═════ Entries provided ═════
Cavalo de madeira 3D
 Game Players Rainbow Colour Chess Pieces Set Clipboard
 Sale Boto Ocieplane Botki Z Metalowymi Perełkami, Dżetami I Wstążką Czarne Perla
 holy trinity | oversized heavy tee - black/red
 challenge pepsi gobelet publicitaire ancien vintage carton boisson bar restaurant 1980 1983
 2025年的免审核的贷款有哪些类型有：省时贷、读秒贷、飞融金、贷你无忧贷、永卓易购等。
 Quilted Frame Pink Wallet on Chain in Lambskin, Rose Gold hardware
═════
═════ Entries provided ═════
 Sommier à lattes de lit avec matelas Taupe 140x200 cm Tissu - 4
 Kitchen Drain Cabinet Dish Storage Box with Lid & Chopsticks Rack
═════
**Work item**
Look above for the line containing "Cavalo de madeira 3D". Output from there through the line containing "Quilted Frame Pink", exactly and inclusively.

**Answer to this task**
Cavalo de madeira 3D
 Game Players Rainbow Colour Chess Pieces Set Clipboard
 Sale Boto Ocieplane Botki Z Metalowymi Perełkami, Dżetami I Wstążką Czarne Perla
 holy trinity | oversized heavy tee - black/red
 challenge pepsi gobelet publicitaire ancien vintage carton boisson bar restaurant 1980 1983
 2025年的免审核的贷款有哪些类型有：省时贷、读秒贷、飞融金、贷你无忧贷、永卓易购等。
 Quilted Frame Pink Wallet on Chain in Lambskin, Rose Gold hardware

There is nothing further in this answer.